Fertilizer markets are currently facing renewed volatility, with anhydrous ammonia prices drawing close attention from the agricultural sector. While recent geopolitical tensions are a significant factor, market analysts point out that the upward trend in prices began earlier. Gary Schnitkey, a University of Illinois Agricultural Economist, provided context on the recent price movements.
‘Nitrogen prices or anhydrous ammonia were edging up before the conflict, so we saw those rising, and we still don’t, fortunately, have those at the $1,200 level like the previous conflict. And by the way, the previous conflict, we were seeing nitrogen prices rise because of Hurricane Ida, well before the Ukraine-Russia event happened.”
Forecasts suggest farmers should prepare for continued high input costs. Depending on how global events unfold, premium pricing may persist through the year. Economist Nick Paulson outlines the projections for anhydrous ammonia prices this fall. The farmdoc team in using $860 a ton.

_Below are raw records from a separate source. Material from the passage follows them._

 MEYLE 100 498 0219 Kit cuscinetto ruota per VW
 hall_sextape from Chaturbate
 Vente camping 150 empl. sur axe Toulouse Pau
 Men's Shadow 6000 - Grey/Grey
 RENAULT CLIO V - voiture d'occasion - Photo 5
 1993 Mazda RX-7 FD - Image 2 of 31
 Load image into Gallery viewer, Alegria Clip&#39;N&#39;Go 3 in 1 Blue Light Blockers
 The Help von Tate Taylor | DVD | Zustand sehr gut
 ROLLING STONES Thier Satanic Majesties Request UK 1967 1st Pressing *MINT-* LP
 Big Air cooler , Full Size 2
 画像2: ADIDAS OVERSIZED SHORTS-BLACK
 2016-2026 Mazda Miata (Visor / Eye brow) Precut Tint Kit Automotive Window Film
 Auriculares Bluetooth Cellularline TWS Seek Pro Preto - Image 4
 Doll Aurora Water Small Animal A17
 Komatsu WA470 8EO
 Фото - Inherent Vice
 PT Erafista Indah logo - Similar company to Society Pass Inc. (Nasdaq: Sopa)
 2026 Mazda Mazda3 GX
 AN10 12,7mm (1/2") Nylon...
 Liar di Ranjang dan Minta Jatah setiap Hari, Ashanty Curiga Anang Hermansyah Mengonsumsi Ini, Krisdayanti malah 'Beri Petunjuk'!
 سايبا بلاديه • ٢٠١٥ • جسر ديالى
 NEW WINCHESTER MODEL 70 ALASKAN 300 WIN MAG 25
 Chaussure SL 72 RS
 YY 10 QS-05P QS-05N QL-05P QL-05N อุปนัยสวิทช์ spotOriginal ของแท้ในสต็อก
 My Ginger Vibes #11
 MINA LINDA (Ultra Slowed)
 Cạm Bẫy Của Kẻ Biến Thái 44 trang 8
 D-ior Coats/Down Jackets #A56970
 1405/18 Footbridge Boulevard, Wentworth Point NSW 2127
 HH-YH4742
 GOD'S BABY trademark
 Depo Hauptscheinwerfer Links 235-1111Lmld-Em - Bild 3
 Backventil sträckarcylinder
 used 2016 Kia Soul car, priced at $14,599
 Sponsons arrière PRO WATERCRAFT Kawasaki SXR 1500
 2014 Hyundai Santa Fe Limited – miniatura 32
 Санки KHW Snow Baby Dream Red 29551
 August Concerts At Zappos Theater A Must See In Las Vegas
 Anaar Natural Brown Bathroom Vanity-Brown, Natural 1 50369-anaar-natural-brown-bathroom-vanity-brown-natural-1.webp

“And that $860 number forecast that you see there, I think we talked about that in the article. I don’t want to say that’s a best-case scenario, but I think there’s even a pretty good chance that we’d see premiums above that, given what we saw in the two years following that Russia-Ukraine crisis. We did see some premiums above what you would maybe expect, given where corn and natural gas prices were, which is what this model uses to forecast.”
Paulson is referencing a model created by his colleague at the University of Illinois, Gary Schnitkey. It predicts anhydrous ammonia pricing. Today, the model projects that fall fertilizer costs complicate what is already a difficult farm economy. Schnitkey notes that sustained high nitrogen prices will heavily impact crop profitability this fall and going into the 2027 growing season.
“That’s going to make a difficult decision environment because many farmers often price their ingredients then, and we’ll see where prices are at that point in time. But, you know, a continuation of current prices would make the economics of growing corn in particular a bit more difficult.”
Market conditions remain a primary focus as producers prepare to navigate fertilizer purchases for this spring and next fall.